Back in 2011, I was lucky enough to be invited to speak at a workshop in Toronto which was intended to launch a magisterial new edition of the letters of Boniface, co-ordinated by Andy Orchard and Alain Stoclet. Yesterday, a blogsite for the project went live, promising information and podcasts from that workshop, and further news on how things are progressing.
The letter collections – for there are three – rank amongst the most famous and well-studied of the early Middle Ages. They have long been available in a very good but not entirely flawless Latin edition by Michael Tangl, published in 1916, with various subsequent translations into modern languages of selections of letters (in English, most notably by Ephraim Emerton in 1934). Two further letters might now be added to Tangl‘s collection, notably a letter of protection written for Boniface by the mayor Carlomann (retired 745) announced only recently by Heinrich Wagner (Deutsches Archiv, 2011).

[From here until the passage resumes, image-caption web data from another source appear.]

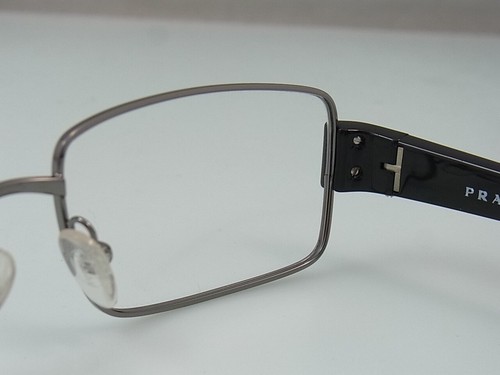Prada VPS 51A 74S-101 Brillengestell Lesebrille 52-16-140 mm Rechteckig Schwarz - Bild 11 von 13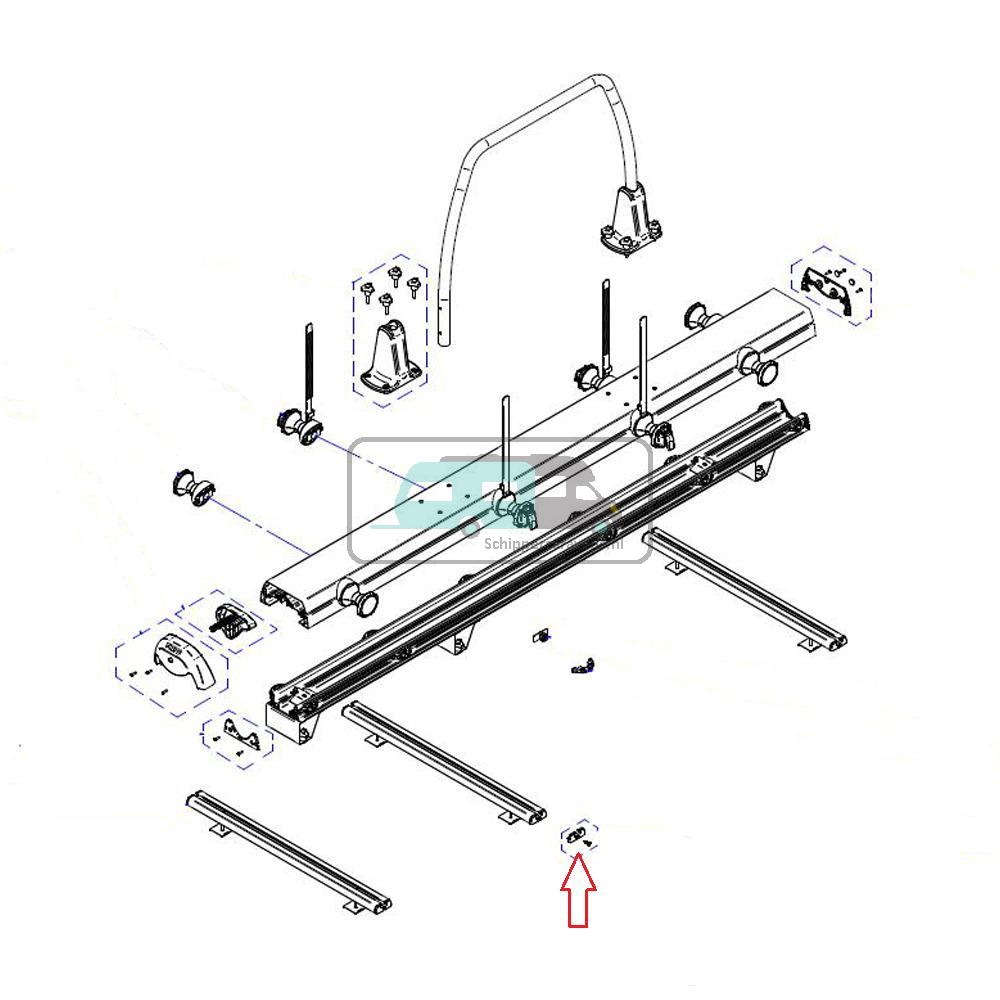 Thule VeloSlide Cap Mounting Rail 6 stuks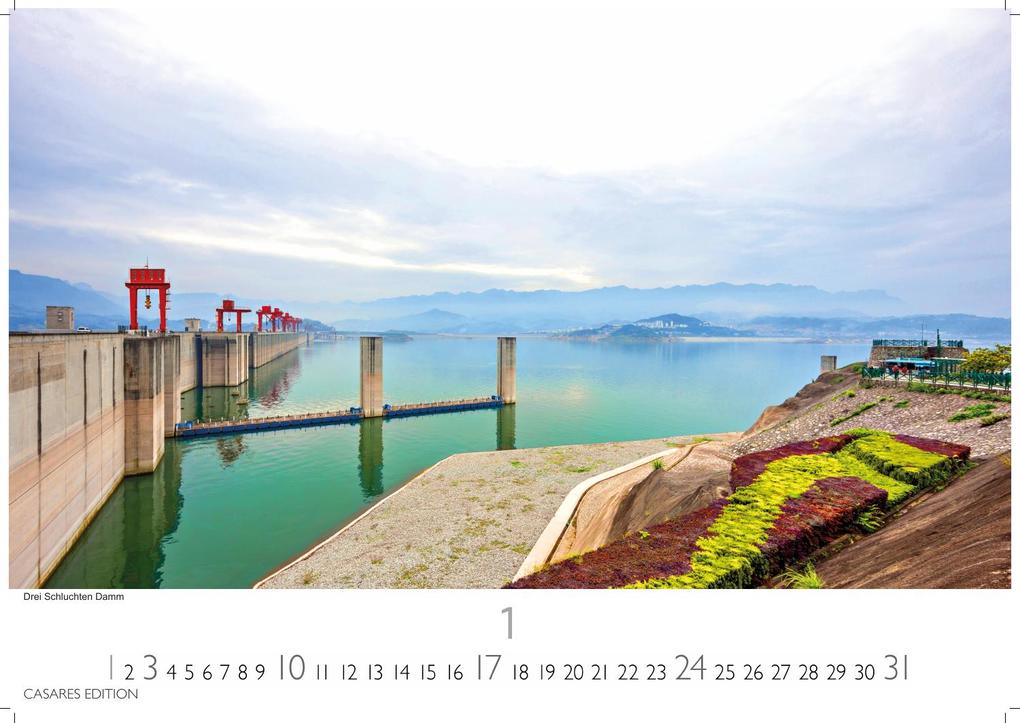 Weitere Ansicht: China Kalender 2027 - Wandkalender | Fotokalender Asien 24x35cm - Wundervolle Landschaften | Tradition und Moderne in 12 faszinierenden Fotos ,Perfekt für China-Liebhaber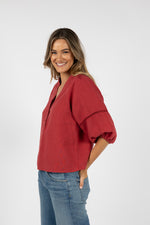 Ambrosia Blouse - Brick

The maximalist view of the edition would see a new edition with up-to-date historical commentary and new translations into English, French and German of all the letters. Certainly at the workshop there was also much enthusiasm for embracing some kind of online element, especially since two of the three collections are now freely available to browse on the internet. Whatever final decisions are made, the project will see some exciting international co-operation, great scholarship, and a welcome chance to reassess not only St Boniface but letter-based communication in the Middle Ages.